Over the past few centuries, the globalization of business and commerce has been happening rapidly. But in the past few years, and especially in 2020, the narrative is far different. With increasingly isolationist policies from the government of the United States, falling trust between the U.S. and other nations, and the coronavirus pandemic, 2020 has been a year in which globalization has decelerated for the first time in decades. It has been a year in which the international business environment is a more complex and tiresome world to explore than at any time in recent history.

Though the examples of this phenomenon are readily apparent all over the world and within all industries, a particularly fitting example is the tension between luxury goods powerhouse Moët Hennessy Louis Vuitton (LVMH) and jewelry company Tiffany & Co.

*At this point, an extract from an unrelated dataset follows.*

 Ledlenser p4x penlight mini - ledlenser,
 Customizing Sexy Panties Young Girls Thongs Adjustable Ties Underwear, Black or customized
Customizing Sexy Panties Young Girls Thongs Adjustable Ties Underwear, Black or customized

LVMH is a multinational corporation headquartered in Paris, France that serves as the parent company of a wide variety of well-known luxury brands. The company has ownership of Louis Vuitton, Christian Dior, Givenchy, and others. Its next planned venture is to acquire Tiffany & Co., and a record deal between the two companies was originally announced in November of 2019. But in 2019, Tiffany’s profitability, the international business climate, and the world in general looked very different than they do now.

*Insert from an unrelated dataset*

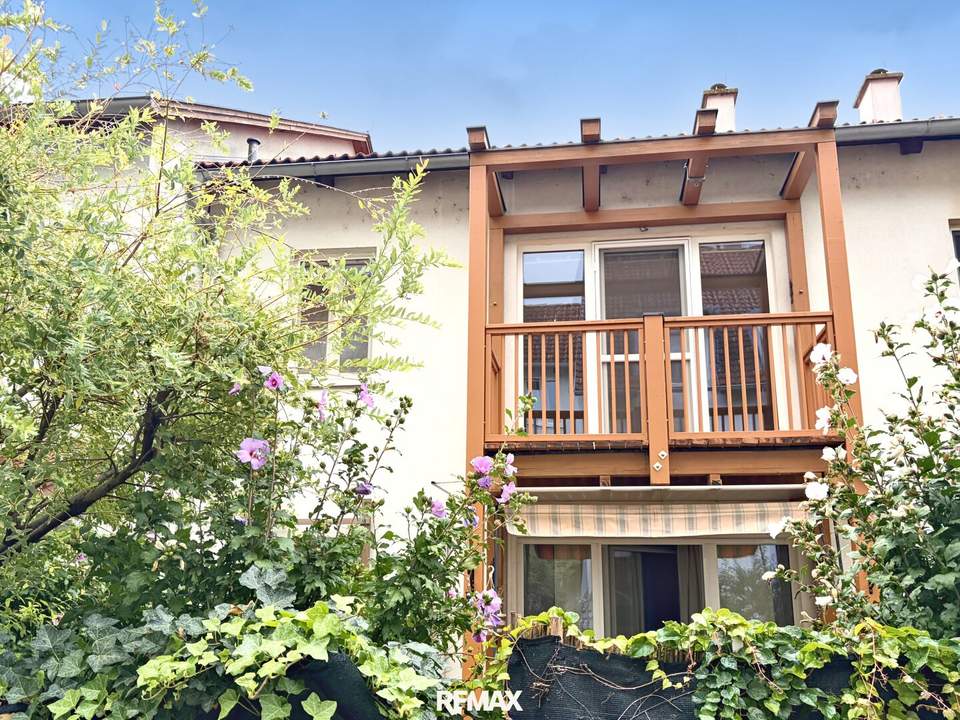 "3 Zimmer Wohnung in ländlicher Atmosphäre"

This change resulted in an October filled with international court disputes between the two companies, initially sparked by LVMH’s announcement that it would not be able to complete the merger by the agreed-upon date of November 24, 2020. Tiffany quickly responded to this announcement with a lawsuit, which LVMH countered with a lawsuit of its own, attempting to sue Tiffany for the right to drop out of the deal entirely. Tensions are finally relaxing between them after Tiffany agreed to lower the price of the buy-out from $16 billion to around $15.8 billion. This is a relatively small discount to warrant such a hostile exchange between the two...so what else was leading LVMH to express its initial concern?

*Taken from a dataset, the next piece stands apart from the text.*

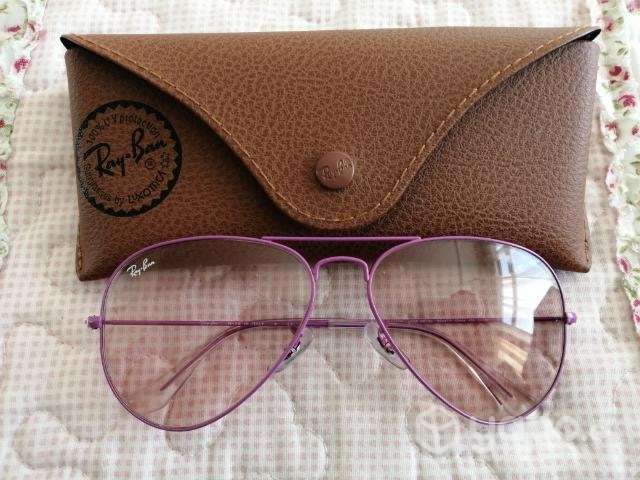 Ray Ban Aviador Rosado - Imagen 2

It’s no secret that Tiffany sales have plummeted in 2020. Though much of this decline can be attributed to the pandemic, LVMH insists that Tiffany itself has become a “mismanaged” business and that it no longer resembles the powerhouse it was in late 2019. Even more importantly, the initial disruption to the merger was actually fueled by the relationship between the governments of France and the U.S. Tiffany is an American company, and there were multiple concerns about increasingly harsh tariffs placed on French products by the U.S. In fact, in the wake of uncertainty created by these threats, the French government explicitly encouraged LVMH to wait until early 2021 to complete the Tiffany merger.

With new international roadblocks and the ever-present threat of disease in our world, it is hardly surprising that the entire deal began to fall through, descending into a confusing international court battle. Though LVMH and Tiffany were eventually able to reach a compromise, their struggle to arrive at this agreement makes it clear how other international deals might not end up so lucky. The issue paints a larger picture of globalization in the world of 2020: it is incredibly difficult, and whether or not this will improve in the near future remains uncertain.